Поэты, которые в начале XIX в. будут использовать флорообраз, станут полемизировать в первую очередь с представителями классицизма. Если говорить о преодолении традиций в отношении фитонима как художественного образа на рубеже XVIII–XIX вв., то это прежде всего преодоление классицистических традиций: преобразование фитонима как фитоклише в субъективно-коннотативный или субъективно-ассоциативный флорообраз в литературе романтизма. Таким образом, прежде чем начать разговор об истории флорообраза в XIX в., необходимо дать небольшую преамбулу о его положении именно в поэзии XVII в., ибо в эту эпоху он, как никогда прежде, становится образцом штампа застывшей риторической фигуры.
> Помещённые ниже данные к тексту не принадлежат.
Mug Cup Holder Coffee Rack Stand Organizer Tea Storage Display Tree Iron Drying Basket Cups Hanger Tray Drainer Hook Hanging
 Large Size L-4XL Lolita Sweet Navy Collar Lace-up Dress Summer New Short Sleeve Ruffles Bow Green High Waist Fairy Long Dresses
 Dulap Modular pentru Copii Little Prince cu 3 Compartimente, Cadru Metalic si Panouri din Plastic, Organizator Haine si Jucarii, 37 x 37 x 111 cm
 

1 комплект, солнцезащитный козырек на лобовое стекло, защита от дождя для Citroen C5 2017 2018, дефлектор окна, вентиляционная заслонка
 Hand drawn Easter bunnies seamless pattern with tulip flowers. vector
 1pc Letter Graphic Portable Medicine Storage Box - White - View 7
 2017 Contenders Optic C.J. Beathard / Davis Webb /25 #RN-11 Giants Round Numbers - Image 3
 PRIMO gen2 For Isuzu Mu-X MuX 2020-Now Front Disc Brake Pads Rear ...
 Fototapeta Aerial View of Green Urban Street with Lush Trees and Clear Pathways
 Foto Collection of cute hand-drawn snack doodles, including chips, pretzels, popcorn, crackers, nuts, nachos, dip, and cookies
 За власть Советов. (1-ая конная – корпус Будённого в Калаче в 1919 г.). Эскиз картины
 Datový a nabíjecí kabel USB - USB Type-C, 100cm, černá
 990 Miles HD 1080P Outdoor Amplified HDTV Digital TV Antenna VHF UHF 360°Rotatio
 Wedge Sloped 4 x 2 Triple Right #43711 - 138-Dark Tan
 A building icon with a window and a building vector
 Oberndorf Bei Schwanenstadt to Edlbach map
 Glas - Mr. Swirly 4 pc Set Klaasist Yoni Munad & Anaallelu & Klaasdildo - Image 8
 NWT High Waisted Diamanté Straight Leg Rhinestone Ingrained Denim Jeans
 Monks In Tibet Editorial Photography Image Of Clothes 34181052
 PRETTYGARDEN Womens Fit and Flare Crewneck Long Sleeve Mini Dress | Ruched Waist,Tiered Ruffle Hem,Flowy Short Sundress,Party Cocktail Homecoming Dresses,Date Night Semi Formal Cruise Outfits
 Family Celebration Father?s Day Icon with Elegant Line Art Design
Манифестом классицизма был трактат «законодателя Парнаса» Н. Буало-Депрео «Поэтическое искусство» («LArt po'etique», 1674), в котором утверждалось, что поэт не должен слишком увлекаться описанием пейзажа [27] , а должен думать о красоте формы стиха и точности передаваемой мысли. Из всех риторических фигур больше всего приветствуется лаконичная и однозначная аллегория. Из современников автора его похвал удостаиваются Жорж де Скюдери, Корнель, Демаре, аббат д’Обиньяк, Малерб. Резкой критике подвергаются Ронсар, особенно его описание живой природы, использование диалектизмов и «ученых» слов, поэты Плеяды, а также некоторые представители барокко, например Вуатюр – за употребление словесных штампов.
27
В качестве примера приводилось описание сада из поэмы Ж. де Скюдери «Алларих, или Падение Рима» (1664), которое занимало пятьсот стихов.